Dry4Good déshydrate déjà une vingtaine d'ingrédients : des fruits et des légumes, des aromates et des champignons. (Crédits : DR)
La startup a développé un procédé de déshydratation permettant d'éviter l'ajout de produits "fonctionnels". Il a déjà attiré des clients industriels dans les secteurs du lait, des compléments alimentaires, des snacks apéritifs, des taboulés et des préparations pour la restauration collective.

L'idée est partie d'un constat : celui de la méfiance croissante de la part des consommateurs vis-à-vis des produits alimentaires industriels, dont les recettes complexes, remplies de sigles qui indiquent des additifs, manquent de transparence. Une suspicion à l'origine du succès d'applis telles que Yuka, qui simplifient le choix dans les rayons des supermarchés en proposant des notes synthétiques de la qualité des produits, et qui a déjà incité plusieurs marques à revisiter leur offre.
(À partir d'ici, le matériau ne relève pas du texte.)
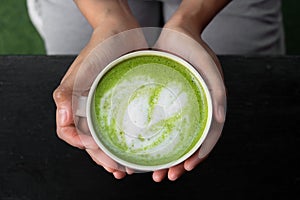 Matcha green tea latte in woman hand,top view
Romaric Janssen, qui jusqu'en 2019 travaillait dans le secteur agroalimentaire, se dit alors que pour ceux qui seront capables de proposer aux industriels des solutions leur permettant de simplifier leurs recettes, il y a un marché à prendre. Il connaît en effet le cercle vicieux qui conduit à cette multiplication des ingrédients artificiels. La logistique comme les procédés industriels imposent de remplacer nombre d'aliments...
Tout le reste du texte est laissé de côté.